Talvez por isso, pela mediocridade do senso comum conservador instalado massivamente nas televisões, rádios e jornais, me tenha sentido tão estimulado pelo recente filme "Spotlight", que aborda uma investigação jornalística de grande fôlego sobre as práticas instaladas de pedofilia e abuso sexual na Igreja Católica de Boston. Percebe-se pela narrativa como é fundamental, para um jornalismo que se pretenda crítico e desocultador dos intrincados mecanismos através dos quais o poder se torna opaco, para melhor se perpetuar, possuir tempo, dinheiro e caráter. Só esses três ingredientes, cumulativamente articulados, permitem desacelerar, criar agendas e ritmos de investigação que não se compadecem com a espuma dos dias e a vertigem da lógica de telenovela noticiosa em que a nossa produção noticiosa está atolada.

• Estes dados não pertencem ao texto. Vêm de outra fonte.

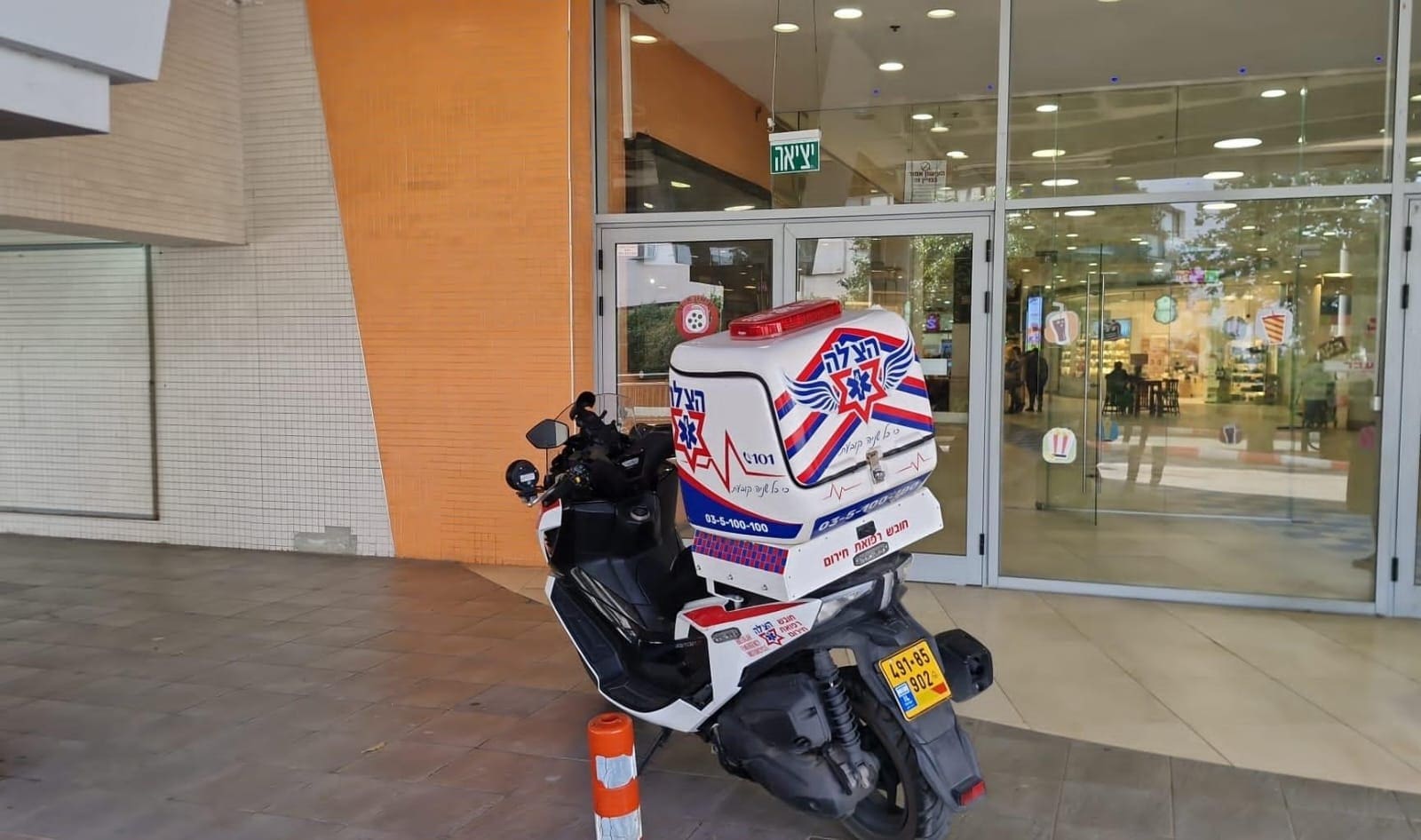 אופנוע הצלה בקניון לב המפרץ (צילום: ארגון הצלה)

"Spotligth" era a equipa de investigação do "The Boston Globe", composta por quatro jornalistas a tempo inteiro, instalações autónomas e recatadas dentro do jornal, um orçamento e uma linha editorial que lhe permitia pesquisar com afinco, rigor e minúcia, demorasse o tempo que demorasse. Quando esses fatores se conjugaram com a entrada em cena de um novo diretor, estranho às lógicas de cooptação da burguesia local, foi possível começar a juntar as peças do puzzle que provaram como os casos de abuso sexual na Igreja Católica eram endémicos e sistémicos, encobertos por uma rede social conivente, não sendo um mero epifenómeno isolado. Aos jornalistas interessou-lhes, como fio orientador, desmascarar a lógica de funcionamento da instituição, sem destacarem ingénua e precipitadamente o que poderia ser a anedota, o burlesco ou o horrível. Isso viria por acréscimo, pois de nada serviria o escândalo se não tocasse no nervo do poder. No final do filme, quando no écran desfila uma lista enorme de locais onde deflagraram escândalos análogos, torna-se impossível não nos questionarmos sobre as razões por que em Portugal tão pouco se continua a saber sobre o assunto!

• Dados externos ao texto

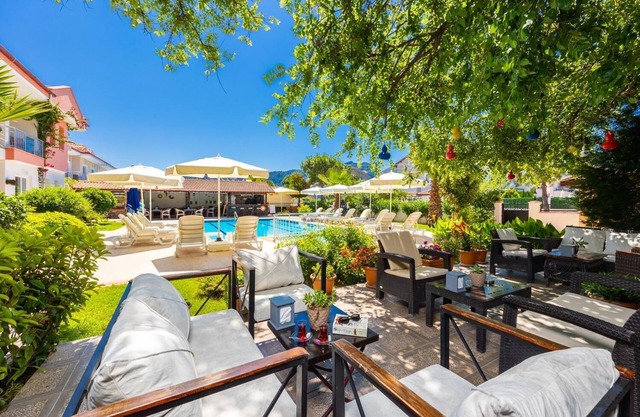 Safak Oasis Hotel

Ora, em tempos em que a concentração dos media aumenta vertiginosamente, em que a transferência para o online e o chamado “jornalismo cidadão” (que parece responder ao nosso desejo de participação, rapidez e interatividade) tem sido acompanhado de uma alarmante quebra de receitas, de despedimentos em massa e de redações cada vez mais esvaziadas e condicionadas pela lógica hegemónica, preguiçosa e imediatista de produção de notícias, é a democracia, tal como a conhecemos (ou imaginamos…), que está em causa.

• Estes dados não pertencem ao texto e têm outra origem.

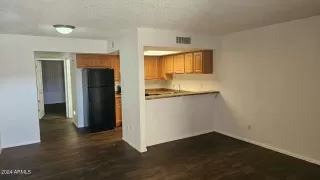 Photo #5: 6827106 Listing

Para podermos decidir temos de conhecer tudo. E para conhecer temos de ver para além das fachadas oficiais e oficiosas. Sem jornalismo crítico, organizado e com recursos, respiraremos a ilusão de fazer do nosso vídeo caseiro a cobrir a inundação do vizinho ou o crime da paróquia o Alfa e Ómega da verdade. Os interesses instalados agradecem, aproveitam e os poderosos batem palmas de eterno gáudio.